I literally don't know ..
what the fuck i'm doing.
No goals No passion No desires.
Just wasting my time in front of computer.
What should i do? i wanna have a purpose in my life. A reason to live my life ..
What about you anon?
P.S: I'm alcoholic
Stop wasting time on the computer, but acctually start a business or similar.
Having no friends/nothing to do can be your superpower, if you allow the time to flow into productive work, instead somehow letting it pass by
Actually i work as a cyber security analyst.
The pay is not High but at least it's decent.
Every Sunday i go to my farmhouse
which is 30 Miles away from my house to look after my farm and to pay money to labors.
I had friends but they live miles away from me.
Money isn't an issue
the issue is what should i do? That would actually bring an change to my pathetic lifestyle
My life completely feels an black and white movie.
The thing that makes you depressed is the assumption you should have a purpose. If you lived without seeking purpose you wouldn't feel empty. I have no purpose nor any feeling like I need one and I am very happy. Remove this fucking retardation that you need a purpose from your mind and you will feel a lot better.
In the end it makes no diffrence, but starting your own project and getting passionate about it gives your life a plan and sense, out of my expirience.

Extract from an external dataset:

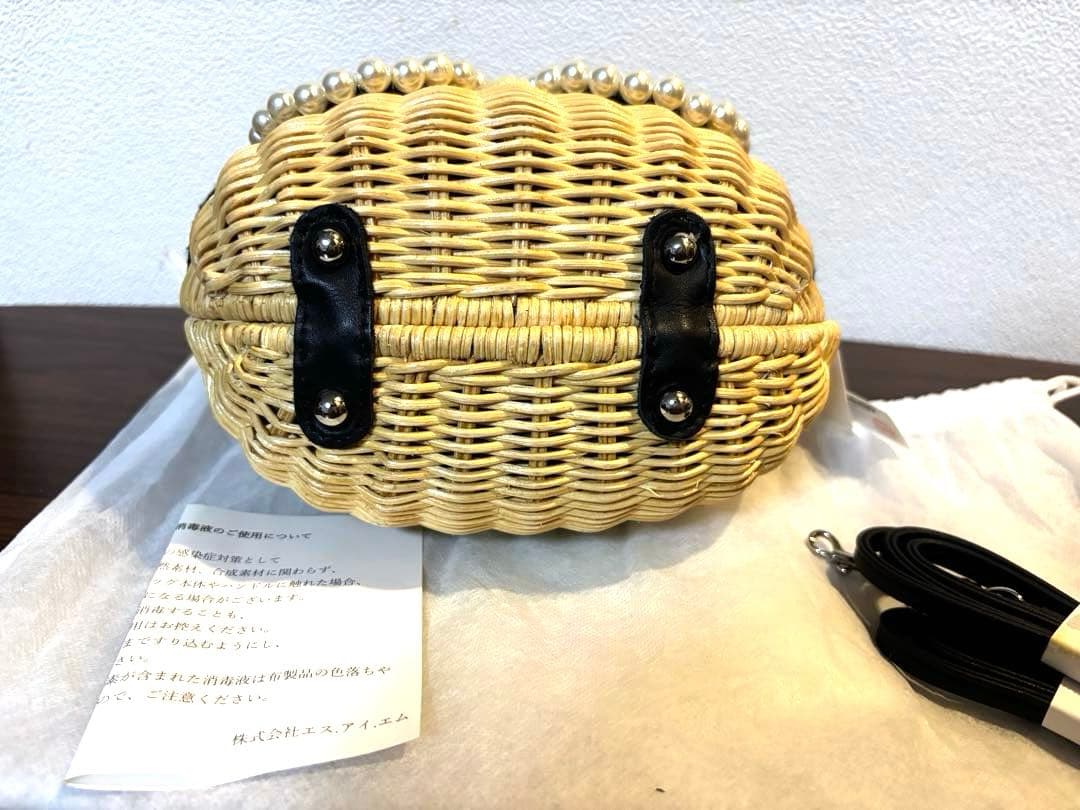 希少a-jolie x Hello Kitty コラボレーションバッグ新品未使用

But overall there is not much you can do except accepting your useless life and starting to enjoy it. You can always kill your selfe after you failed.
What little I know about Buddhism says many things about enjoying life; good food, loving others, having friends, just going with it. Zen likewise tells you to accept the hardships and joys. But it isn't empty nihilism in which we just waste our lives masturbating and waiting to die. There's something more, and that purpose is oft found in bringing joy to others as much as we too indulge in it. Bringing life and purpose to those less fortunate, and focusing ourselves on higher purpose.
Though still, we all die, and is there another life? I don't know. Honestly, I've clung to one thing amidst all this chatter of higher purpose; an idea proposed by Martin Heidegger. That we have no purpose in life, that we can't define any purpose. Thus, we can only give ourselves purpose; choose a goal, and pursue it wholeheartedly to the exclusion of everything else. Hate crime? Become a detective. Love sweets? Become a baker. Do your goddamned best in something that is fulfilling to you. Fuck what anyone else has to say about it. It's your life, you only get one.
To bring hate...
I feel like that oftentimes, but my hate is targeted.
I feel hate toward those who fuck with decent people. I hate violent criminals, violent drug addicts, I hate bullies and people who fuck with others for fun. I want to bring all of God's hate upon them. I want to laugh and watch them burn, screaming, unable to die in a furnace. I want to repay evil with evil.
As for the good, I wish them only peace and joy.
Guys like you wind up shooting up a place and then offing themselves. It's sad, and has no meaningful impact in the long run. Especially in America where public shootings are a regular thing. If you've got the balls to shoot up a school or church, why don't you have the balls to shoot up a crack house or a mafia meeting? I mean, you're going to kill yourself before the police arrive anyway. Why not at least go out like the Punisher, make some interesting news? "Local teen dies in a pitched shootout against Jersey crime lords, news at 11." Fuck, you'd be the first real hero on 4chan ever.